» **THE TASK**: Could you write out exactly, and only, the lines from the one containing "Lowongan Kasir Super Indo Pati" through the last line of the data, leaving out all pictures?

##########

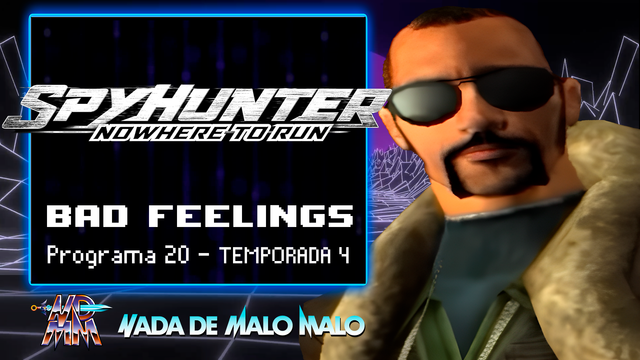 Fragmento del programa 20 de la temporada 4 del canal de videojuegos NadaDeMaloMalo. SpyHunter: Nowhere to Run
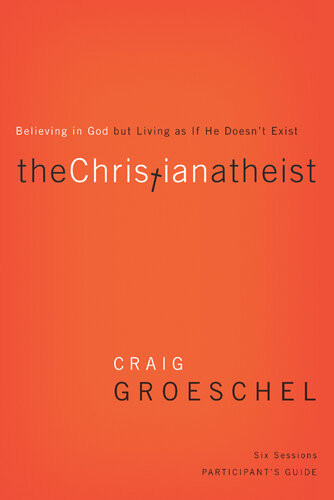 The Christian Atheist Participants Guide Believing In God But Living As If He Doesnt Exist Craig Groeschel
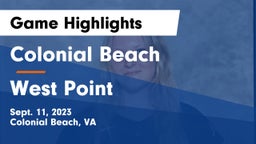 Colonial Beach  vs West Point  Game Highlights - Sept. 11, 2023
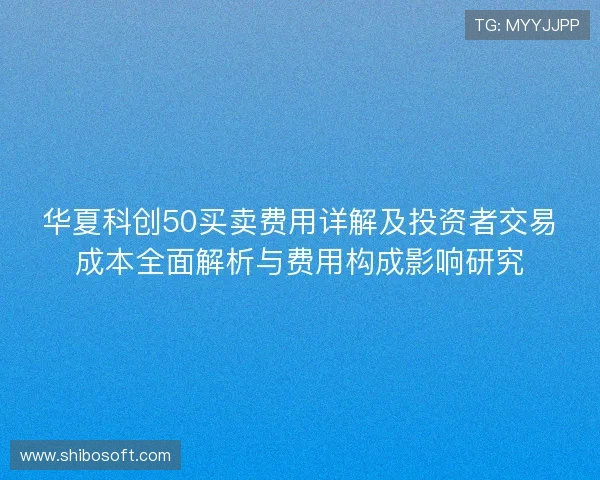 华夏科创50买卖费用详解及投资者交易成本全面解析与费用构成影响研究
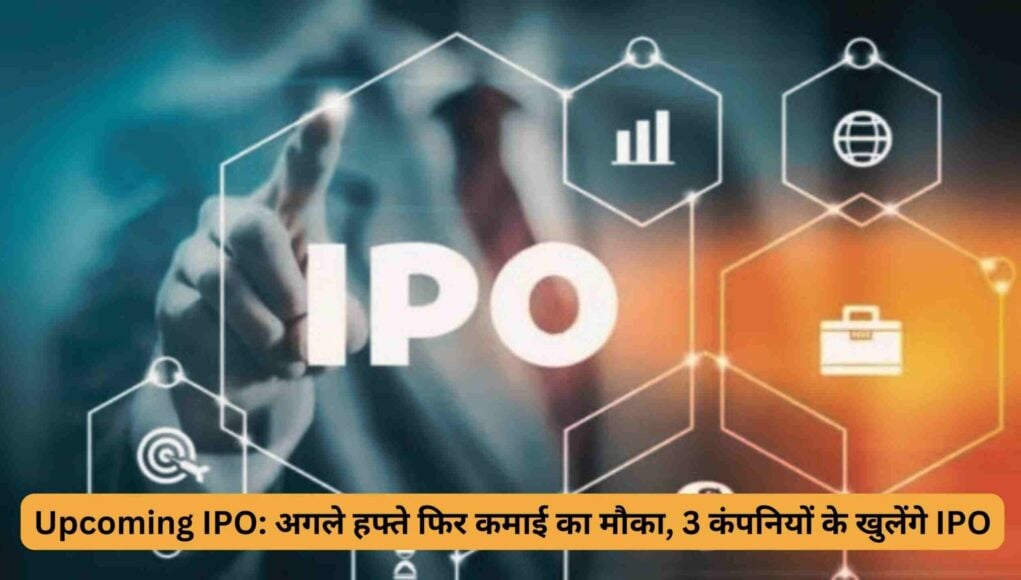 Upcoming IPO: अगले हफ्ते फिर कमाई का मौका, 3 कंपनियों के खुलेंगे IPO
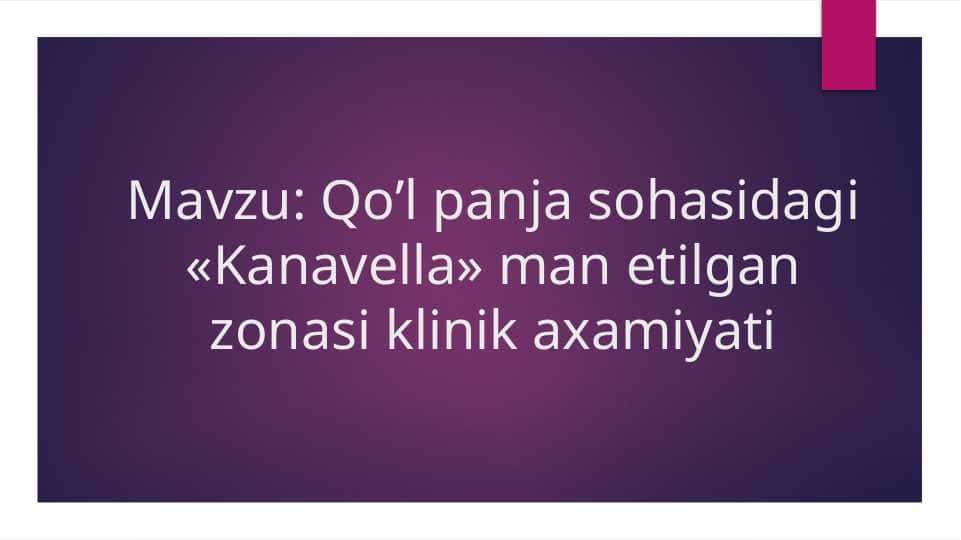 Qo’l panja sohasidagi «Kanavella» man etilgan zonasi klinik axamiyati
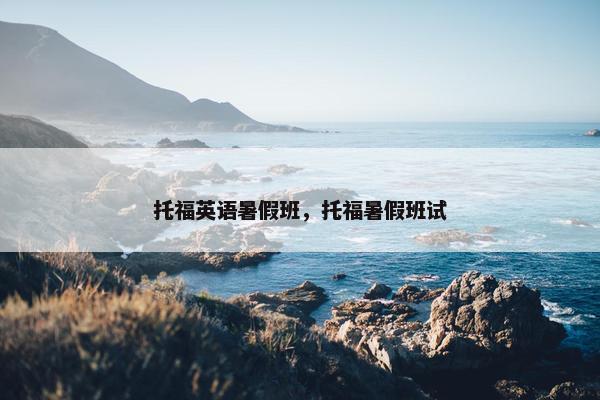 托福英语暑假班，托福暑假班试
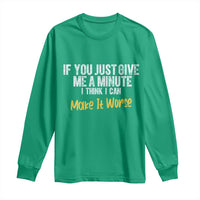 Funny Sarcastic Long Sleeve Shirt If You Just Give Me A Minute I Think I Can Make It Worse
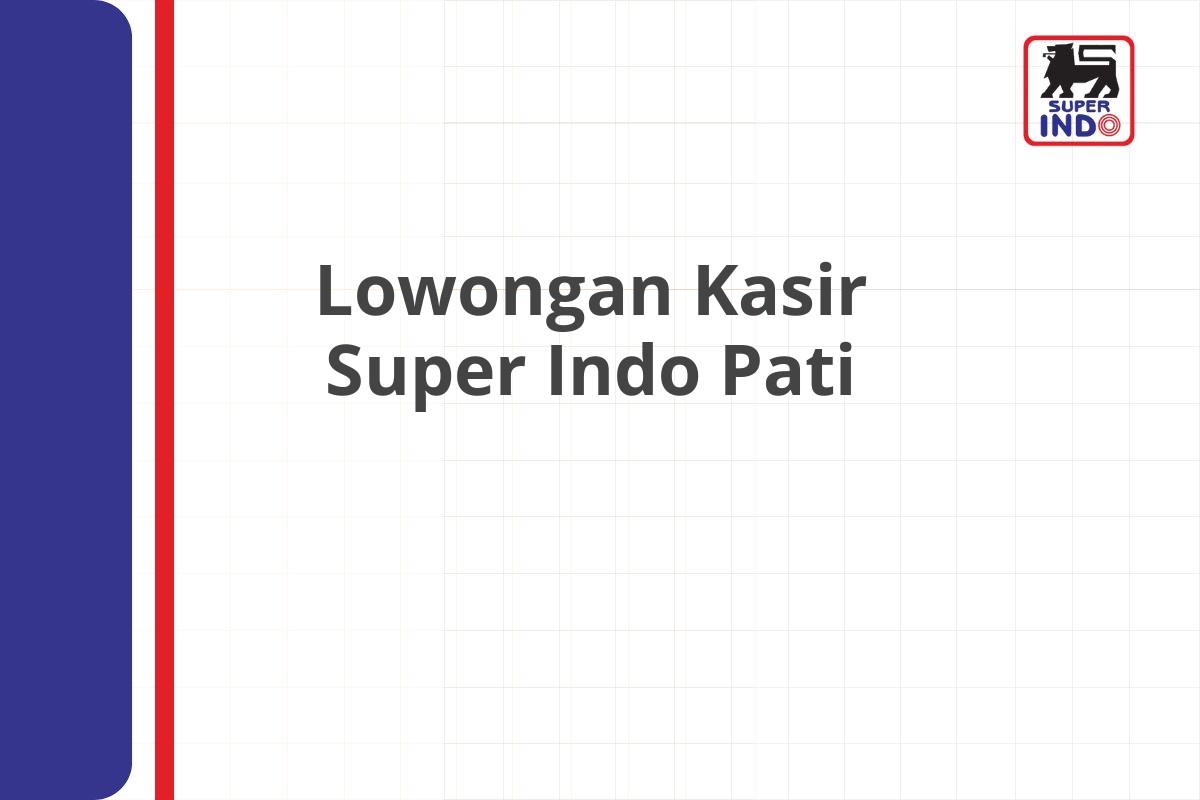 Lowongan Kasir Super Indo Pati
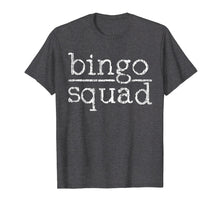 Load image into Gallery viewer, Funny shirts V-neck Tank top Hoodie sweatshirt usa uk au ca gifts for Bingo Shirt Bingo Casino Squad Tee Bingo Team Player Gift 286529
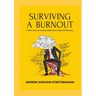 Surviving a Burnout: A short story on Anxiety, Depression, Hope and Recovery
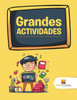 Grandes Actividades : Libros De Actividades Niños 10 Años | Vol -3 | Adición Y Sustracción (Spanish Edition)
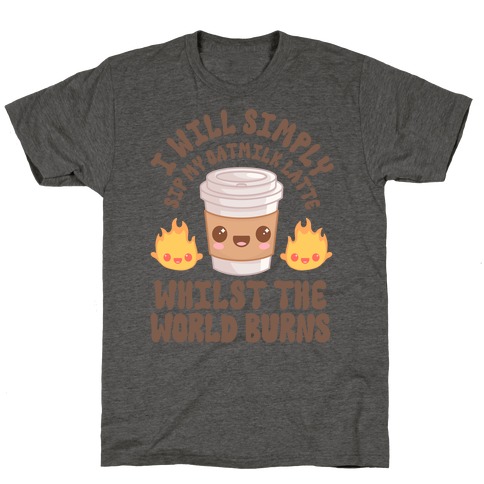 I Will Simply Sip my Oat Milk Latte Whilst the World Burns T-Shirt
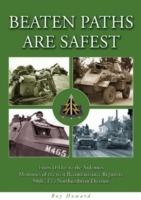 Beaten Paths are Safest: From D-Day to the Ardennes - Memories of the 61st Reconnaissance Regiment - 50th (TT) Northumbrian Division - Roy Howard - cover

##########

» **ANSWER TO THIS TASK**:
 Lowongan Kasir Super Indo Pati
 Load image into Gallery viewer, Funny shirts V-neck Tank top Hoodie sweatshirt usa uk au ca gifts for Bingo Shirt Bingo Casino Squad Tee Bingo Team Player Gift 286529
 Surviving a Burnout: A short story on Anxiety, Depression, Hope and Recovery
 Grandes Actividades : Libros De Actividades Niños 10 Años | Vol -3 | Adición Y Sustracción (Spanish Edition)
 I Will Simply Sip my Oat Milk Latte Whilst the World Burns T-Shirt
 Beaten Paths are Safest: From D-Day to the Ardennes - Memories of the 61st Reconnaissance Regiment - 50th (TT) Northumbrian Division - Roy Howard - cover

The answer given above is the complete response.